Die französischen Kirchenlabyrinthe schrieben sich in mein Leben ein. Ich erforschte ihre Geschichte und sammelte Geschichten von Labyrinthgängern. Bald gab ich Seminare über Irrgärten und Labyrinthe. Dann kam Schweden. Die Kinder waren groß geworden, und ich suchte ein Refugium in der Abgeschiedenheit der nordischen Wälder. Hier wollte ich meine Bücher schreiben. Ich kaufte ein Haus am See Viken. Ein wunderbarer Ort. Wie konnte man ihn nur verlassen? Der Besitzer hatte Haus und Grund von seiner Mutter geerbt. Nach einer Krise als CEO bei einem großen schwedischen Unternehmen in Älmhult hatte er das Haus in zweijähriger Arbeit mit seiner jungen Frau renoviert. Als er die Arbeit abgeschlossen hatte, ließ er das Erbe hinter sich und zog in die Heimat seiner Frau nach Norrland. Die Vergangenheit war aufgehoben in einem neuen Leben.

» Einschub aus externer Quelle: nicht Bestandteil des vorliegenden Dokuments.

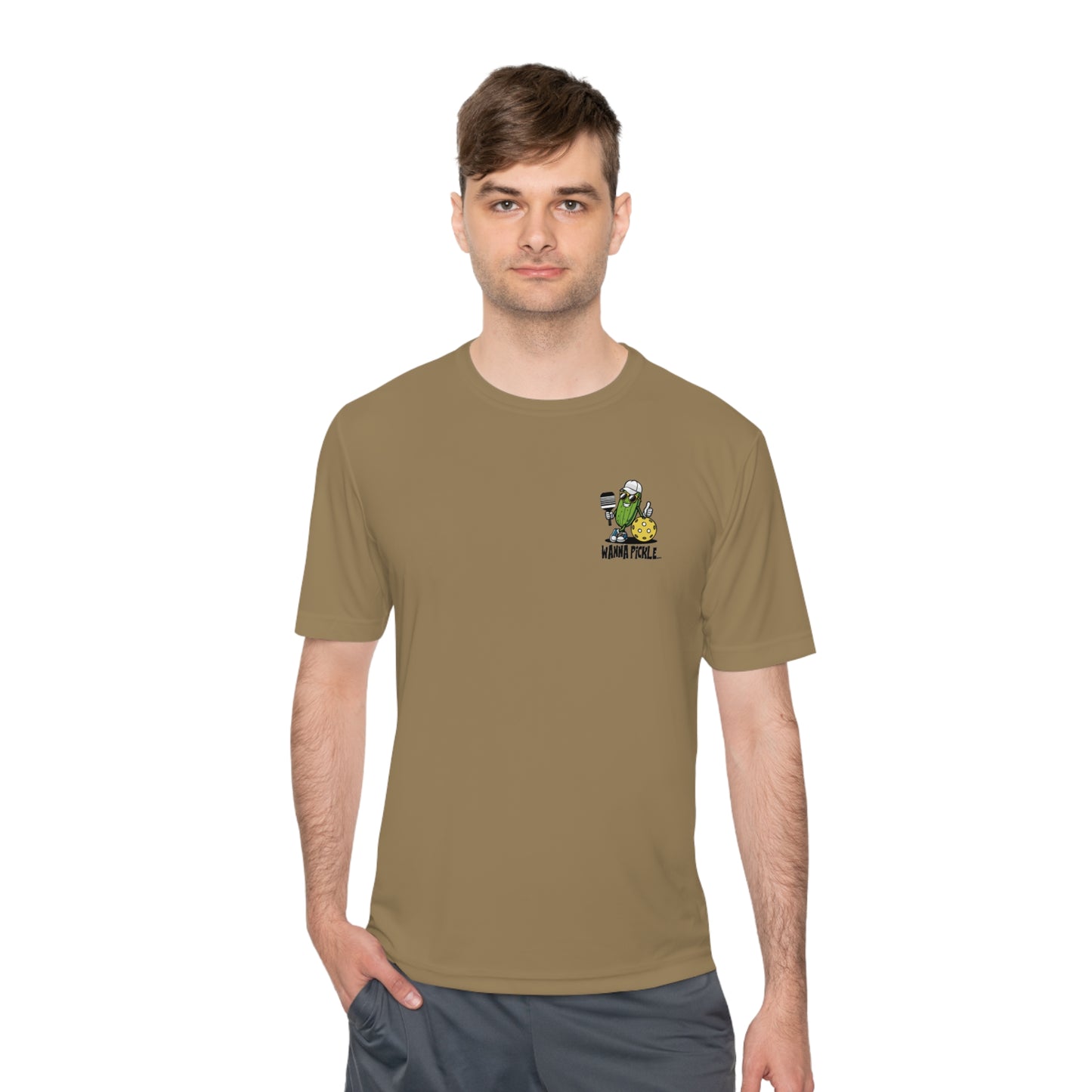 Wanna Pickle... Hat Athletic Tee (Runs Large)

Aus den vielen Feldsteinen, die auf dem großen Grundstück lagen, wollte ich das Labyrinth aus Chartres nachbauen. Es sollte mir nicht gelingen. Ich hatte eine Lichtung im Wald entdeckt und die Steine zusammengetragen. Mein Labyrinth hatte nur sieben Gänge. Immerhin konnte ich eine junge Birke in der Mitte pflanzen. Ob sie gewachsen ist, weiß ich nicht. Ich habe mein Labyrinth nie wiedergesehen. Der Weg im Labyrinth führt über viele Wendungen zur Mitte. Es ist ein Weg der Wandlung und Umkehr. Das schwedische Labyrinth führte mich zu einer neuen Mitte. Ich hatte sie nicht gesucht. Sie hatte mich gefunden.
Der Autor ist habilitierter Kulturwissenschaftler. In “Wolff auf Reisen” erzählt er von den prägenden Reisen seines Lebens.